The provision of ready access to the stock of discs and the prevention of loss. Because each disc can store very large amounts of information, loss of or damage to a single disc can create a considerable gap in the sequence of stored material. Additionally, in the case of loss or theft of its discs, at least one company reserves the right to levy compensation of up to £2,500 per disc from the user. Because the discs are small, theft is more difficult to prevent, while the provision of reference services through juke-box or carousel systems is capital-intensive and impedes user access.

Pricing and licensing.
Publishers' pricing policies have still to be developed. Some producers of CD-ROMs forbid the copying or down-loading of the stored information, while others levy charges for these activities in a variety of ways. The librarian has to devise a fair and logical charging system for clients, that allows for much individuality. Further, many producers supply libraries with their CD-ROM products on a rental basis, thus retaining ownership. When such a contract ends, libraries are required to return the discs to the supplier, leaving the library with a gap in information coverage and nothing to show for the expenditure. For this reason, librarians argue that discs paid for by annual subscription should be considered as owned, rather than licensed, or that the licence is extended indefinitely for CD-ROMs already supplied if a subscription lapses. It follows that the subscription charges may well increase, or an annual fee might be charged for this privilege. Similarly, if a current disc covers a period of years, its subsequent replacement by an up-to-date version should not result in the loss of information covering an earlier year.

Updates .
Despite the large storage capacity of the disc, searching a large database stored on CD-ROM can be a complicated and slow process. A database can only be kept up-to-date by the addition of weekly or monthly discs, or regular replacement of the set of discs by a fresh set. Searching a product involving a number of discs can be a very tedious process indeed, involving constant disc changing and necessitating the use of a powerful PC.

Archiving .
The permanence of information stored on CD-ROMs remains open to question, partly because of the limited life of the disc itself, and partly in consideration of future development and possible obsolescence. Already, double density CD-ROMs are being introduced and there is the prospect of a blue laser system that would triple the amount of data stored on a CD, rendering existing machines obsolete. Equipment capable of replaying the current discs may no longer be available in ten or twenty years' time.

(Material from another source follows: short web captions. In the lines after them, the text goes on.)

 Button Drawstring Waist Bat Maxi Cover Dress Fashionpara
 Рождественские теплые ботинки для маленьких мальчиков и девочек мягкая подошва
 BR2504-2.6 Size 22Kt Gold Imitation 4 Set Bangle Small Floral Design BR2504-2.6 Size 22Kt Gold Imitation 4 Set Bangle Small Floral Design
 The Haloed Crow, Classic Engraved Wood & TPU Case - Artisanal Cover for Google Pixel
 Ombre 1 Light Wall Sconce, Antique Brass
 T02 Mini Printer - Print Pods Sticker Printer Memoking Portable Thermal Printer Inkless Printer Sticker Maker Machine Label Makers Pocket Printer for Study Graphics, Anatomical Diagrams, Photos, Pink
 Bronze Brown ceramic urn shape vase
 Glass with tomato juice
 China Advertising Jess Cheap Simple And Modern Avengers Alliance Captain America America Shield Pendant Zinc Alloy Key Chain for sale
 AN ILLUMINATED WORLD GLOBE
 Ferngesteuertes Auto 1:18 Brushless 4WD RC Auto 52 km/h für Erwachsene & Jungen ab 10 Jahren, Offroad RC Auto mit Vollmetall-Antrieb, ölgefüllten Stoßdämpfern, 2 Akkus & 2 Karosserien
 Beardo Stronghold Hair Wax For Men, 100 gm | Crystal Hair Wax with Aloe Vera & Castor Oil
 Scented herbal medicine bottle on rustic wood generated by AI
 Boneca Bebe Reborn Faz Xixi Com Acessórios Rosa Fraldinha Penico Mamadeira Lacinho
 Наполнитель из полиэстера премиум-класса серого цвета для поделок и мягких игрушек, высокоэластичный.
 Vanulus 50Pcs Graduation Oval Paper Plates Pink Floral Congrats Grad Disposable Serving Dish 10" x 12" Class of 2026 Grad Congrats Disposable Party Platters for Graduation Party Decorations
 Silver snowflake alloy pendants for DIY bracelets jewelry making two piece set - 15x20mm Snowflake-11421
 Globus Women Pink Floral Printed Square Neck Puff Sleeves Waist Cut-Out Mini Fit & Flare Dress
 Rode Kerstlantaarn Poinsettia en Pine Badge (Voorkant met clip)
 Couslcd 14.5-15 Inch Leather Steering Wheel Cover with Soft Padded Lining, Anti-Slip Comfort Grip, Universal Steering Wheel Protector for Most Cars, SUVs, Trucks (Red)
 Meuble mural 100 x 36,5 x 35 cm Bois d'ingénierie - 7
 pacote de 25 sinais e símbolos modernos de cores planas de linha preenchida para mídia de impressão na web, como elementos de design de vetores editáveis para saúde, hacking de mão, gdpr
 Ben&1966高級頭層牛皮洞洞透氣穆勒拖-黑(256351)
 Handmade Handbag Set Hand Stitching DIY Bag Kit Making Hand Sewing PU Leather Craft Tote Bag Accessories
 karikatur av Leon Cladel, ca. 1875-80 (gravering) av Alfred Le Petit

Against these problems should be set the benefits of introducing CD-ROMs. These include:

Ease of use
CD-ROMS are relatively user friendly and can be searched by end users more easily and effectively than large volumes of paper, and without the time and cost pressures of pay-as- you-go online systems. This releases information specialists to assist with, or undertake the more demanding searches, leaving end-users to carry out the bulk of their searching unaided, and possibly at their desks through networked systems.

Space
The storage capacity of CD-ROMs is large (600Mb per disc) so that a single workstation and a shelf of CD-ROMs can replace entire libraries on paper. With the increasing amount of information being created each year this is an important factor for many libraries with severe space restrictions.

Cost
Once bought, a CD-ROM can be searched without further cost. This is a major benefit to libraries catering for students, or organisations requiring a great many searches on the same data.

Currently libraries are installing CD-ROMs as fast as their budgets and applications allow. Limitations on speed of implementation are as described above and largely relate to the cost of the hardware, its complexity (networking) and decisions as to how many versions of the same database a library should have. Printed, CD-ROM and online versions are all competing for essentially the same budget.